DIRECTIONS FOR THIS TASK. Could the records below please be retyped exactly, with their pictures left out?

MATERIAL PROVIDED.

____

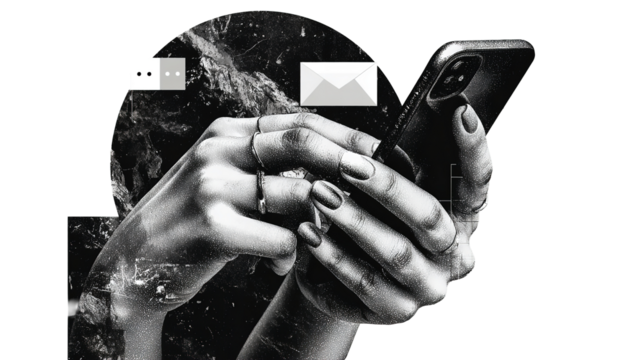 Abstract monochrome depiction of hands using a modern phone with messaging icons
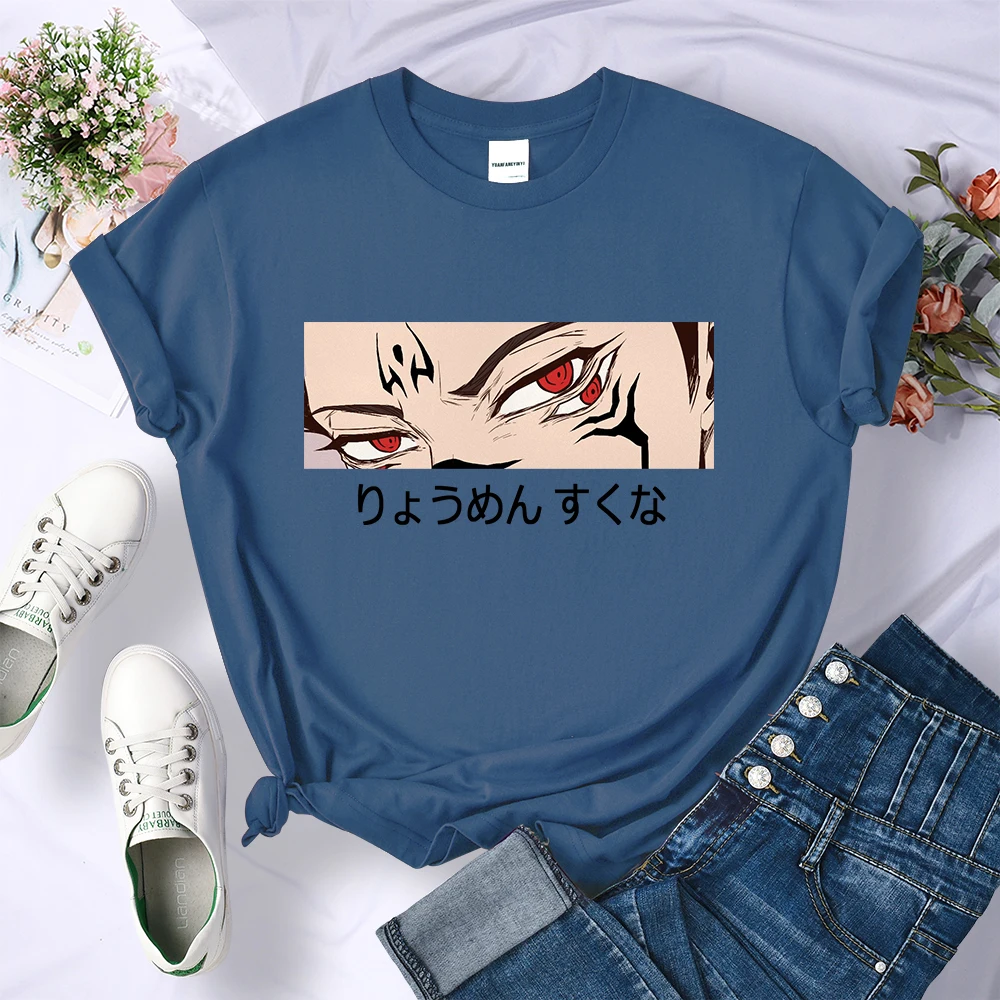 Jujutsu Kaisen Anime Ryomen Sukuna Women Tshirts Street Breathable Short Sleeve Personality Cool Tee Shirt Casual Summer T-Shirt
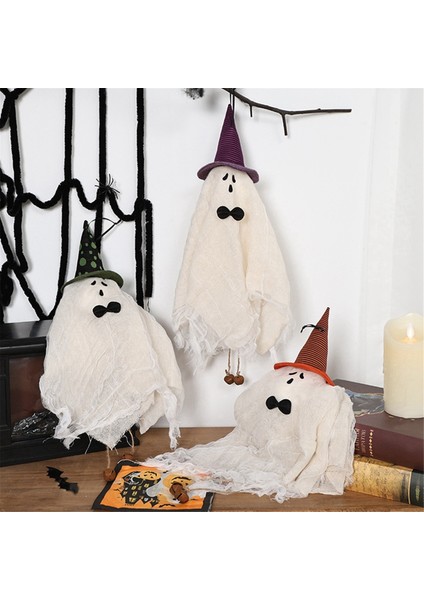 1pcs Cadılar Bayramı Orange Cadı Şapkası ile Asılı Hayaletler Sevimli Ürkütücü Hayalet Asma Hayalet Cadılar Bayramı Dekorasyonları (Yurt Dışından) fiyatları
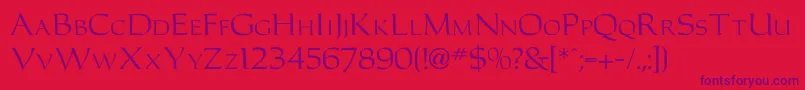 Carolusromanfont-Schriftart – Violette Schriften auf rotem Hintergrund
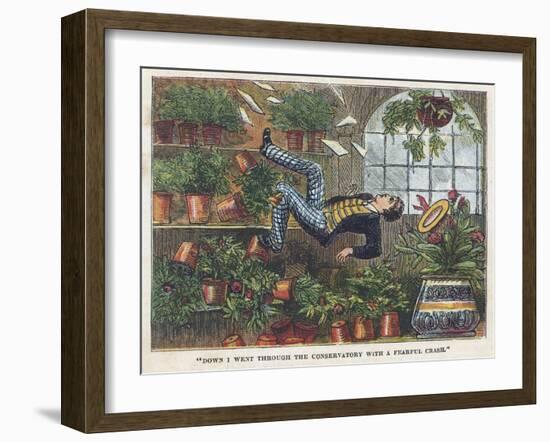 Falling Through the Conservatory Roof-English School-Framed Giclee Print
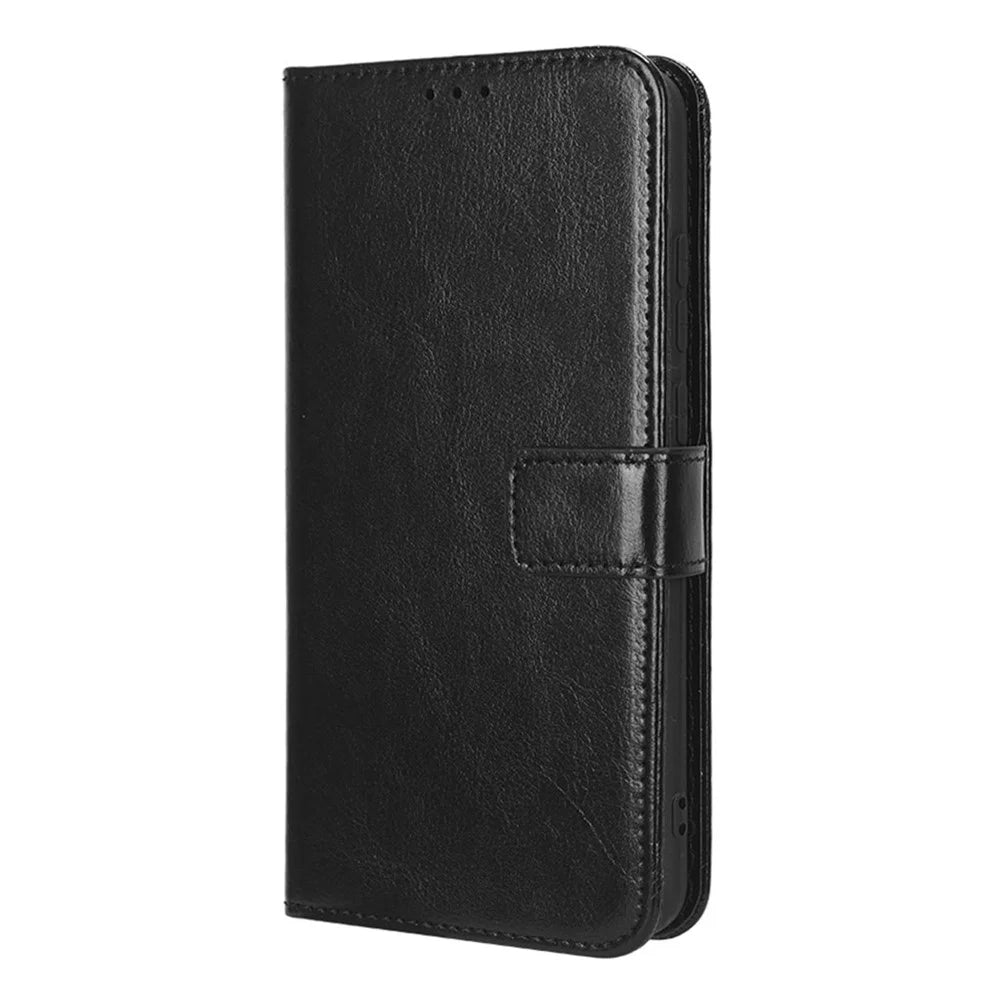 Drop-proof Phone Case For Samsung Galaxy A04e 4G / F04 4G / M04 4G, Crazy Horse Texture Magnetic Flip Wallet Stand PU Leather Cell Phone Cover with Strap - Black - 6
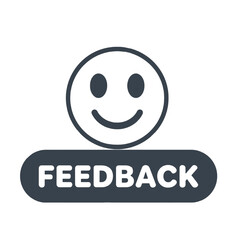 Fototapeta premium Smiling face icon above feedback text label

____

TASK RESPONSE.
 Abstract monochrome depiction of hands using a modern phone with messaging icons
 Jujutsu Kaisen Anime Ryomen Sukuna Women Tshirts Street Breathable Short Sleeve Personality Cool Tee Shirt Casual Summer T-Shirt
 1pcs Cadılar Bayramı Orange Cadı Şapkası ile Asılı Hayaletler Sevimli Ürkütücü Hayalet Asma Hayalet Cadılar Bayramı Dekorasyonları (Yurt Dışından) fiyatları
 Carolusromanfont-Schriftart – Violette Schriften auf rotem Hintergrund
 Falling Through the Conservatory Roof-English School-Framed Giclee Print
 Drop-proof Phone Case For Samsung Galaxy A04e 4G / F04 4G / M04 4G, Crazy Horse Texture Magnetic Flip Wallet Stand PU Leather Cell Phone Cover with Strap - Black - 6
 Fototapeta premium Smiling face icon above feedback text label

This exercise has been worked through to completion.